A question about how memory is stored (and VLAs)

Consider this playground code: https://play.rust-lang.org/?version=stable&mode=debug&edition=2018&gist=3ccef0f04115b949576ad21dd37a604a

extern crate bytes; // 0.4.12
use bytes::{BytesMut, BufMut};

fn main() {
    let mut bm = BytesMut::with_capacity(1);
    let size0 = std::mem::size_of_val(&bm);
    
    bm.put_u8(10);
    
    bm.reserve(1); // re-allocate
    
    bm.put_u8(11);
    
    let size1 = std::mem::size_of_val(&bm);
    
    assert_eq!(size0, size1);
}

Does the size of BytesMut stay constant because the inner pointee data independently exists on the heap, whereas the BytesMut exists on the stack in an independent array of memory (unless BytesMut is boxed)? Are there any cases when the size of the structure does not stay persistent when data is added? (The only example I can think of are DSTs)

It seems that this is a definition of the DST, in fact: a type which do not enforce that its size won't change. Any non-DST will have the same size, calculated at compile-time, through the whole program.

1 Like

Yes. The allocation of a BytesMut is stores somewhere on the heap separate from the BytesMut itself. Whether or not the BytesMut is stored on the stack or heap depends on what owns it, e.g. if it is a field in another struct, then it's stored at the same place as that struct and if you put them in a Vec or Box, it'll definitely be on the heap too.

1 Like

This is basically a vec< u8 >. On the stack you have at least a pointer that points to the inner data on the heap ( that allow to resize the data ) and the size of the pointer ( sometimes others attributes but with a size know at compile time). There is no way to have dynamic size type on the stack directly, if you really need you can just reserve the maximum number of element on the stack but when you reach this maximum you can't grow anymore.
This is the same for all resizable containers (vec, list, map, set, hashmap, string, etc... )

AFAIK there are no DSTs in Rust, currently, that change size after initial construction—the size for slices and trait objects stays constant at run time, it's just not known at compile time
(if std::mem::size_of_val would return a different value every time, it would be really awkward for something like a Box to provide storage space for them)

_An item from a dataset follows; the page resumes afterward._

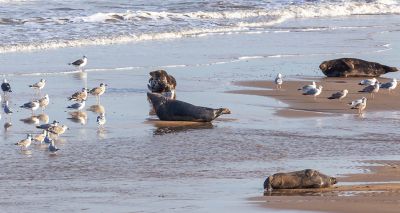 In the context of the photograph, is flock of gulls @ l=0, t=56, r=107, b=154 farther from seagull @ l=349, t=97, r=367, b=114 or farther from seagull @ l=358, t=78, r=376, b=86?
seagull @ l=358, t=78, r=376, b=86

Soon, there will be variable length stack arrays with notation similar to this"

#![feature(unsized_locals)]
let len = rand::<usize>();
let my_stack_array = &mut [usize; dyn len];

Interestingly this is already possible in C.

1 Like

Is that a question or an assertion?

That is still not dynamic-at-runtime, it has a fixed size after construction.

1 Like

I needed to double check my understanding

Alice - do you know the name of what that feature is in C so i could look it up?

In C it's called a variable-length array or a VLA for short.

(BTW I was just curious whether you are asking if this will be possible in Rust, or if you were suggesting that it is being worked on and will be added soon, because I don't know of such a proposal if there exists one. One reason I'd like to know is that I wouldn't be too keen about it, to be honest.)

1 Like

There is a RFC but it's far from finished.
About VLA, I tried to understand a bit more about how they are implemented currently in this thread, if you're curious.

1 Like

Am I the only one here who thinks of "VBA" when I see "VLA"?

Well how do you manage the resize if a push of an i32 for example is done on the stack after the push on the stack of the array but before the resize of the stack array?
A stack is just a pointer that walk through a contiguous memory like a linear allocator. So even with the VLA if you "reserve" space on the stack, you can "reserve" more after.
It make me think about C alloca but no "realloca" is possible.

1 Like

Ah, seems like I mixed up the concepts. I still need to finish my morning coffee. But yeah, initial alloc !=> DST

Let's get this straight.

Variable Length Arrays (VLA) in C live on the stack.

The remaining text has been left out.